Trends and key limiting factors of calcium perchlorate deliquescence on the surface of Mars

Liquid water is one of the most important component in the search for potential extraterrestrial life, with Mars being a high priority target. However, the present martian conditions do not allow large scale pure liquid water formation on its surface (Haberle et al., 2001); most of the studies point to ephemeral emergence (e.g. Brass et al., 1980; Knauth et al.; 2002; Mellon et al., 2000; Kereszturi et al., 2009}, but there are theoretical studies proposing a longer presence (e.g. Clow et al., 1987; Hecht et al., 2002). Transient formation of salty brines is a feasible candidate for water formation, as multiple martian rovers have already identified perchlorate salts on Mars (Hecht et al., 2009; Navarro et al., 2010; Leshin et al., 2013; Ming et al., 2014). Since perchlorates are hygroscopic, they can form aqueous solutions if the temperature and relative humidity is suitable through a process called deliquescence (Gough et al., 2011; Gough et al., 2014; Fischer et al., 2014; Nuding et al., 2014; Zorzano et al., 2009).
 
 The relative humidity was calculated with surface temperature, atmospheric pressure and water vapor volume mixing ratio data from Laboratoire de Météorologie Dynamique Mars General Circulation Model (LMDZ GCM) version 5. This climate model is detailed in Hourdin et al. (2006) the second generation of the model described in the works of Sadourny et al. (1984) and Forget et al., (1999). The data were simulated for the Mars year 29. To derive the relative humidity with respect to ice and with respect to liquid, the saturation water vapor volume mixing ratio was calculated with an equation based on the Goff-Gratch equation (Goff & Gratch, 1946; List,1984). For the detailed calculations please refer to the methods section of Pál et al. (2020).

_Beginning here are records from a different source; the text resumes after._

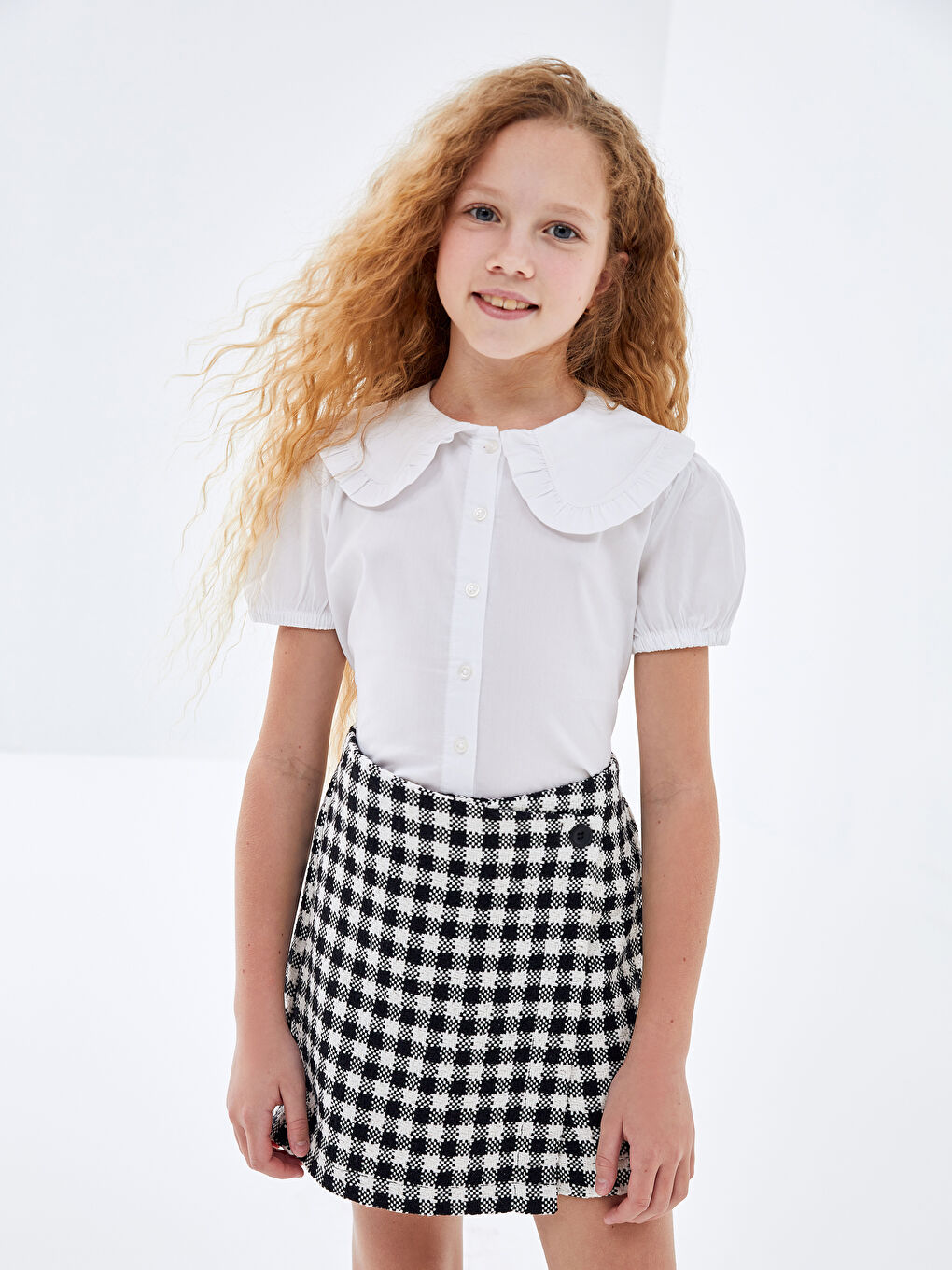 Jupe Courte Fille à Taille Élastiquée Écossaise-1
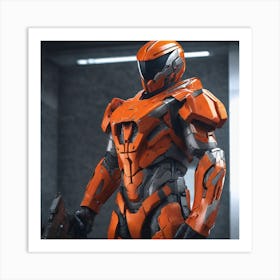 A Futuristic Warrior Stands Tall, His Gleaming Suit And Orange Visor Commanding Attention 25 Art Print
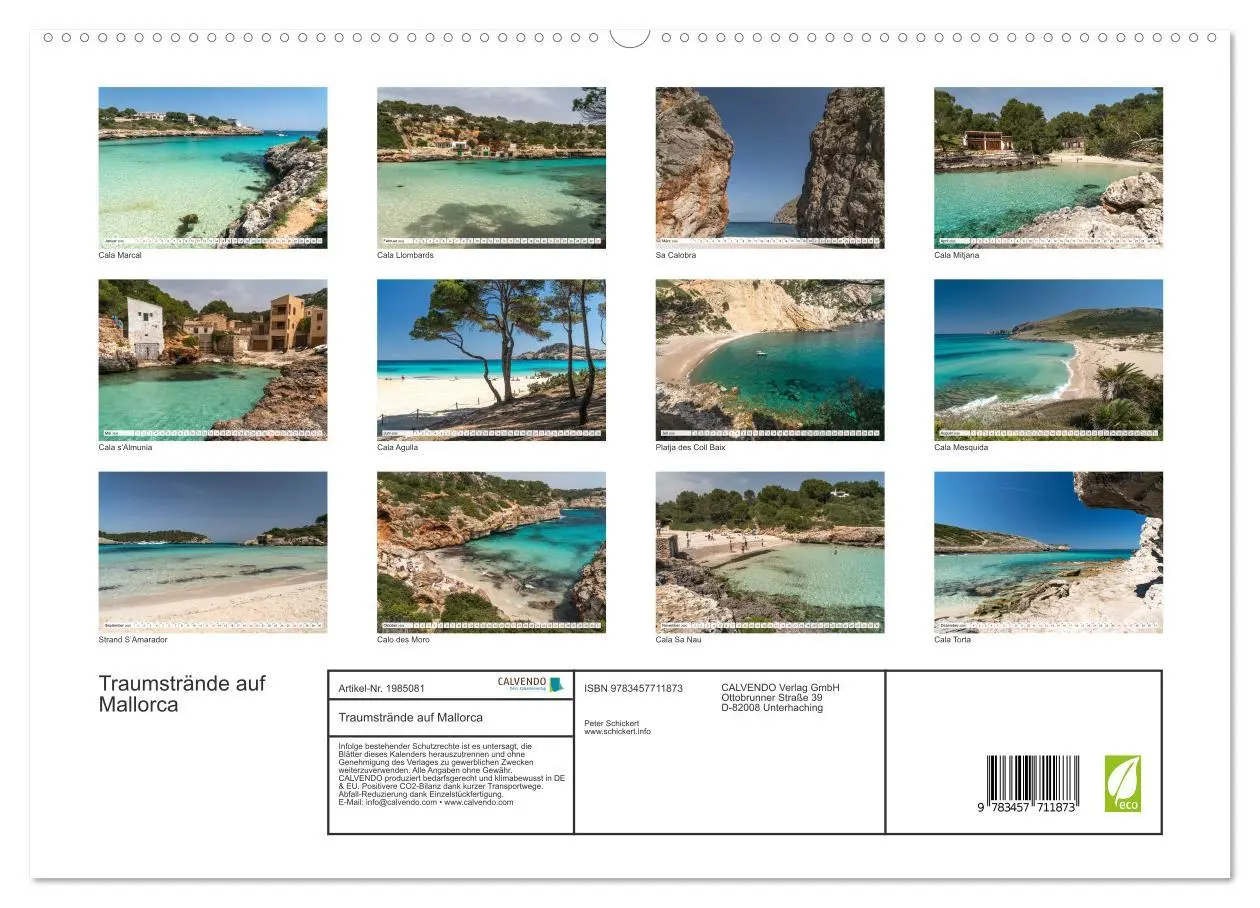 Bild: 9783457711873 | Traumstrände auf Mallorca (hochwertiger Premium Wandkalender 2026...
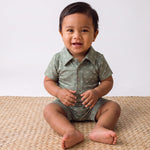 Green Shaka Collared Jumpsuit - Sweet Sweet Honey Hawaii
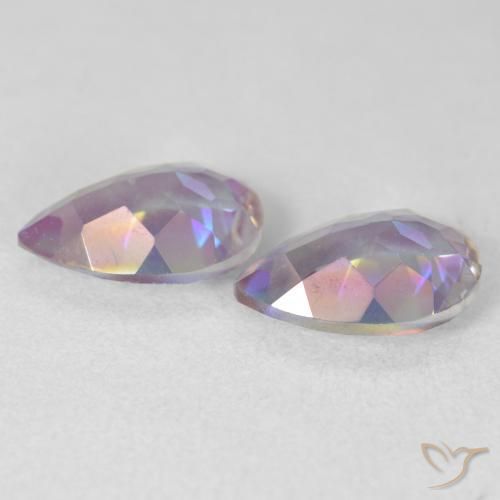 3.37 ct natürliche Mehrfarbig Mystischer Quarz-Edelsteine, Birnenform, VS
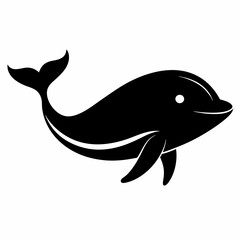 Whale Vector in Black Silhouette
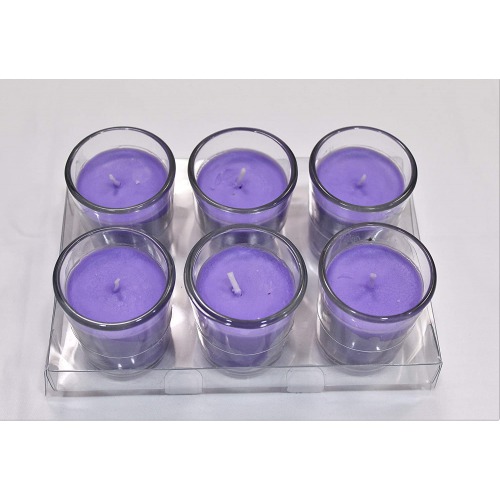 Pan Aromas Fresh Lavender Votive Candle (Standard Size)-6-Pack Scented Tealight Candle - Fresh Lavender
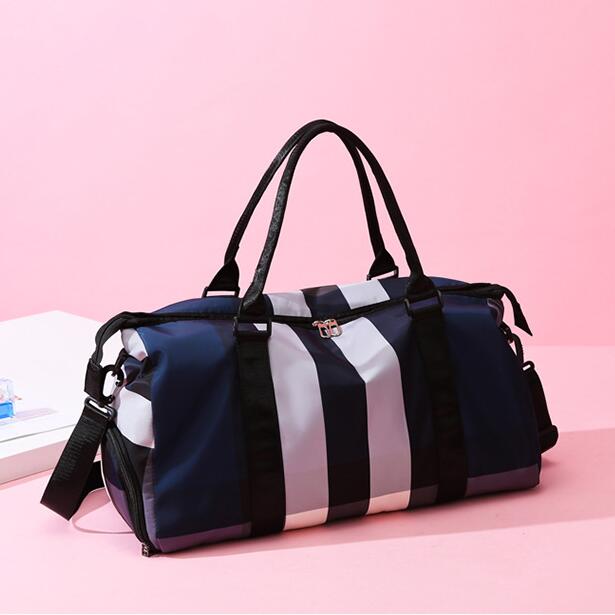 

leather messenger bags outdoor sports travel fitness bag waterproof wear-resistant Oxford women handbag wet and dry separation large capacity plaid handbags, Green(boutique box)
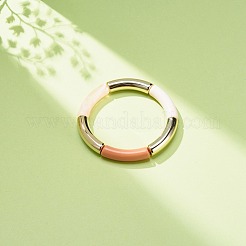 Bracelet extensible perlé tube incurvé acrylique pour femme&nbsp;BJEW-JB08438-01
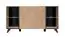Commode à six compartiments Nordkapp 08, couleur : Hickory Jackson / noir - dimensions : 82 x 160 x 40 cm (h x l x p), avec suffisamment d'espace de rangement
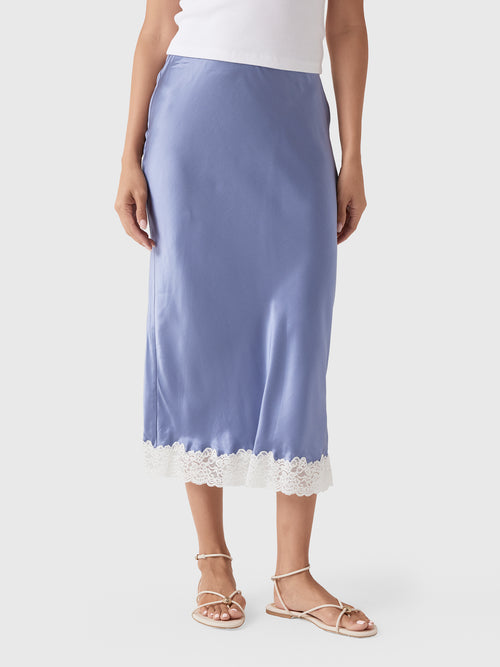 LoveShackFancy Women's Janella Silk-Blend Midi Slip Skirt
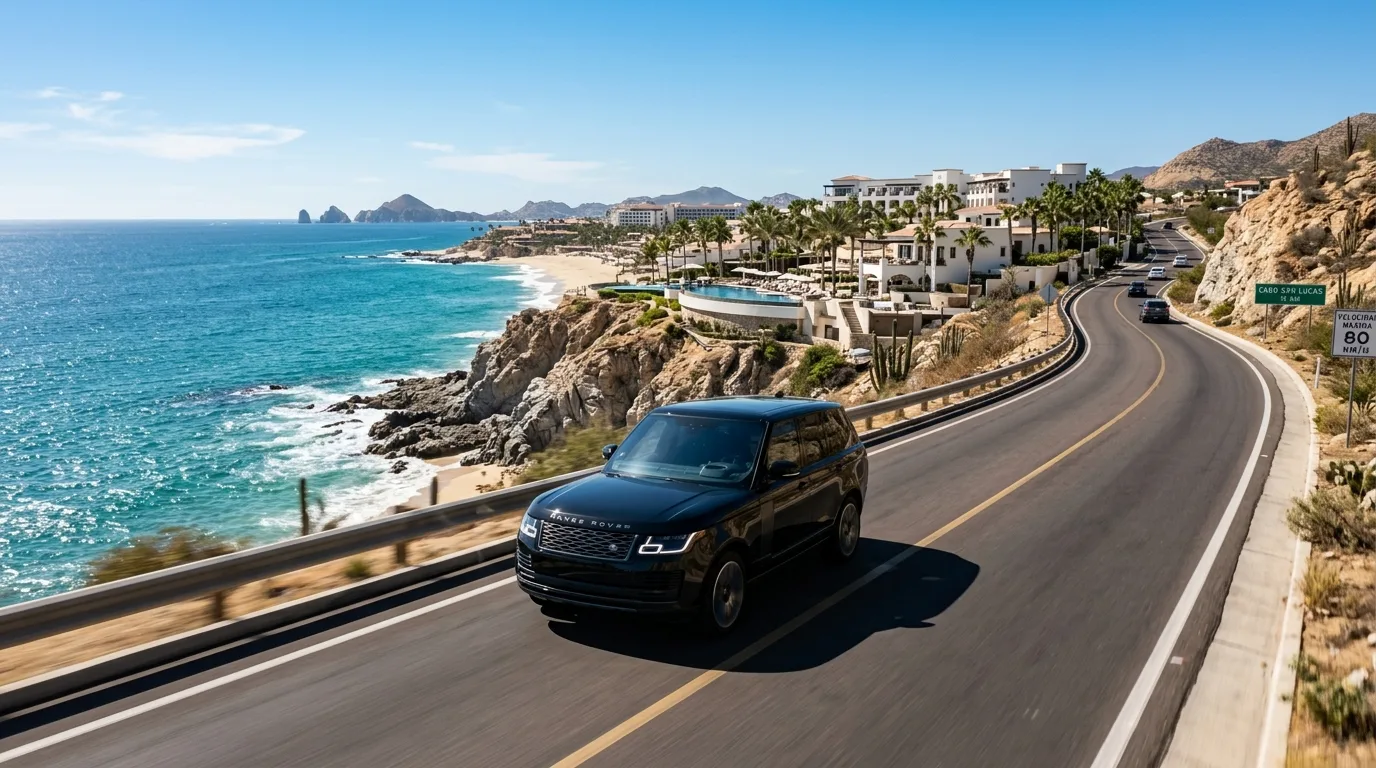 Luxury black SUV driving on the scenic highway of the Los Cabos Tourist Corridor with resorts and ocean views.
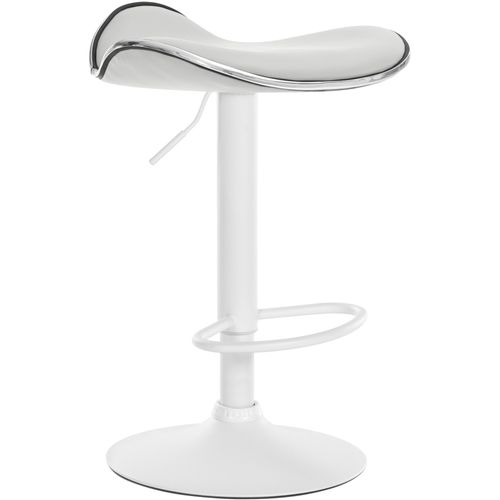 Tabouret De Bar X1 Assise Ergonomique En Pvc Blanc Pied En Trompette En Métal Blanc 10_0005387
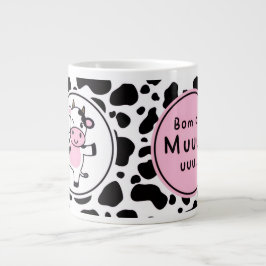 Caneca De Café Grande Cute “Bom Dia Muuuuu” Kawaii Cow Design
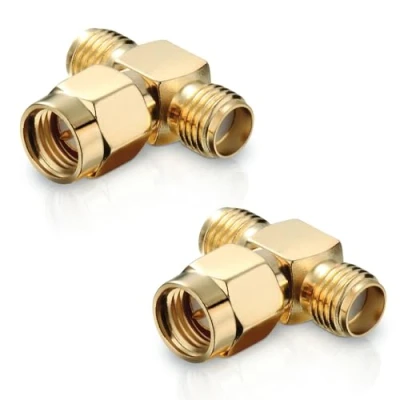 Abbildung von conecto SMA Adapter, T Stück, 1x Stecker mit Pin auf 2X Buchse ohne Pin, Adapter zur Erweiterung von Anschlüssen, vergoldet, 2er Set
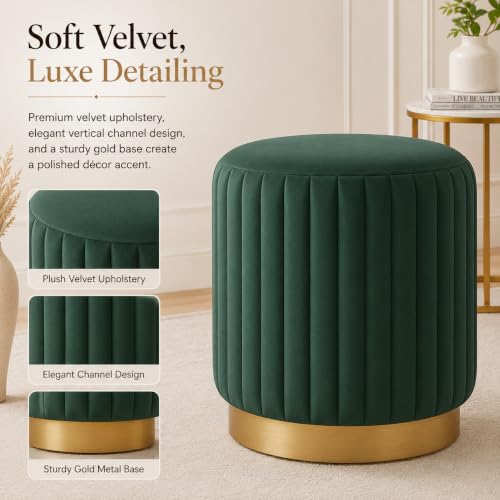 Image of ShadowKart Designer Velvet Round Footstool Ottoman with Sturdy Gold Metal Band Base for Home Decor & Extra Seating, Lightweight Pouf Stool for Sofa Side & Bedroom, 16x16x17 Inch (Green)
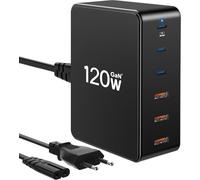 Chenquansarl-Chargeur Usb C, 120w Gan 6 Ports Chaegeur Usb C, Station De Charge Rapide Multi - Appareils, Station De Charge De Table De Chevet, Centre De Charge Usb Pour Macbook, Iphone, Ipad, Galaxy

 Consider the instances, when every necessary circumstances were met except for one. Summing these cases up and taking a look at the statistics, we can get a clearer picture of the limiting circumstances according to time and location (Fig. 1, Fig. 2). The local times taken into consideration were between 9 PM and 5 AM. The reason for this is that outside this time frame, the chance for deliquescence is considerably lower. The percentages are calculated with respect to every single location between 80°N - 80°S and time; for example 35 % of dry scenarios mean that compared to all instances (43 latitude gridpoints, 65 longitude gridpoints and 669 sols totaling 1 869 855 cases), 35 % of them (approximately 654 449) fell into the dry scenario.  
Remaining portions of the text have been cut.